Your task: Retype all of the lines below with no changes.

Data:
_ _ _ _ _ _ _

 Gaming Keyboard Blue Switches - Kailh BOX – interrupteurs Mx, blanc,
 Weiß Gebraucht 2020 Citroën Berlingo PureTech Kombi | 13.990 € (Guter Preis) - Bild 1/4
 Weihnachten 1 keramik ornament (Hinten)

_ _ _ _ _ _ _

Your solution:
 Gaming Keyboard Blue Switches - Kailh BOX – interrupteurs Mx, blanc,
 Weiß Gebraucht 2020 Citroën Berlingo PureTech Kombi | 13.990 € (Guter Preis) - Bild 1/4
 Weihnachten 1 keramik ornament (Hinten)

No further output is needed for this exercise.